◆ **GOAL OF THE EXERCISE**
Below, locate the line that contains "Б. Жамсуев посетил учреждения". Repeat exactly from that line to the line that contains "9525 Juniper St, Los Angeles, CA", inclusive, leaving out the pictures.

◆ **EXTRACTED DATA**
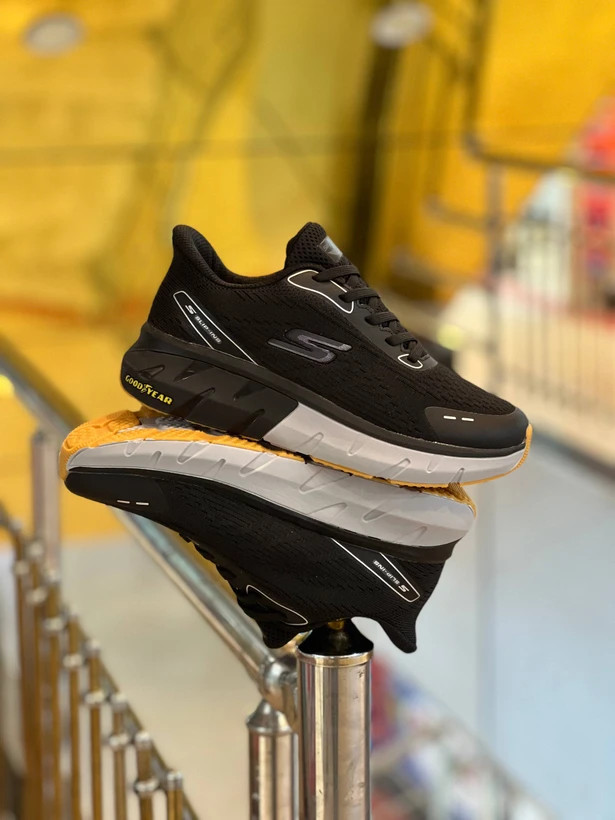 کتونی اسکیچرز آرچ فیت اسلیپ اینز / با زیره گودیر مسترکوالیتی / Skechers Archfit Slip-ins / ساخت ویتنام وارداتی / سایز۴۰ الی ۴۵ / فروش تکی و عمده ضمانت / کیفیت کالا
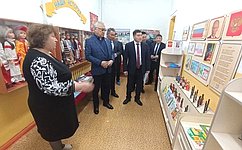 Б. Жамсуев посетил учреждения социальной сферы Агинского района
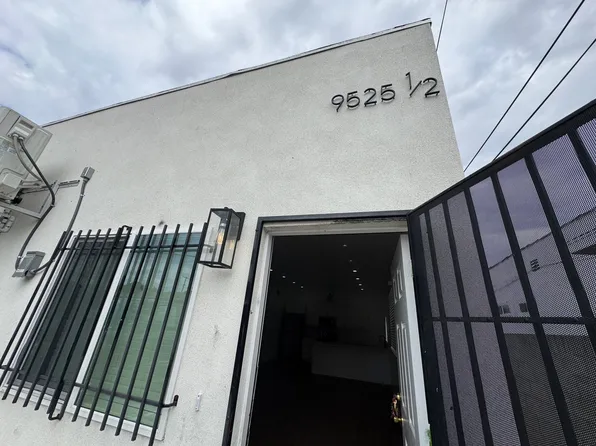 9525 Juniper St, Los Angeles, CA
---
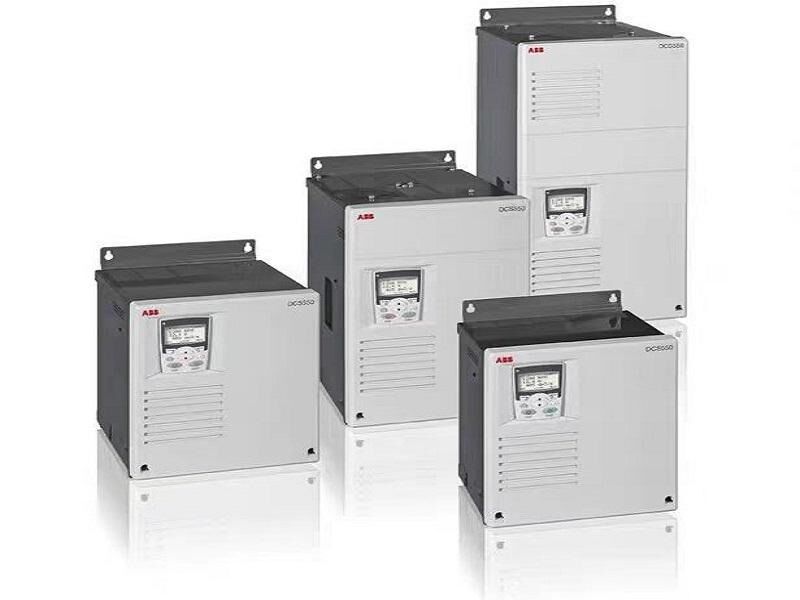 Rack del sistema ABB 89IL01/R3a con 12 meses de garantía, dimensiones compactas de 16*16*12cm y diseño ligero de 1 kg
...
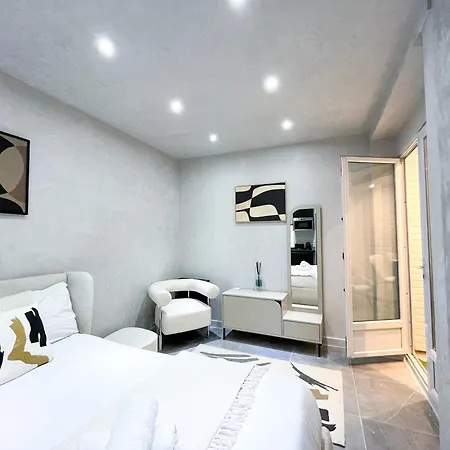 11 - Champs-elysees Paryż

◆ **RESPONSE FOR THIS EXERCISE**
 Б. Жамсуев посетил учреждения социальной сферы Агинского района
 9525 Juniper St, Los Angeles, CA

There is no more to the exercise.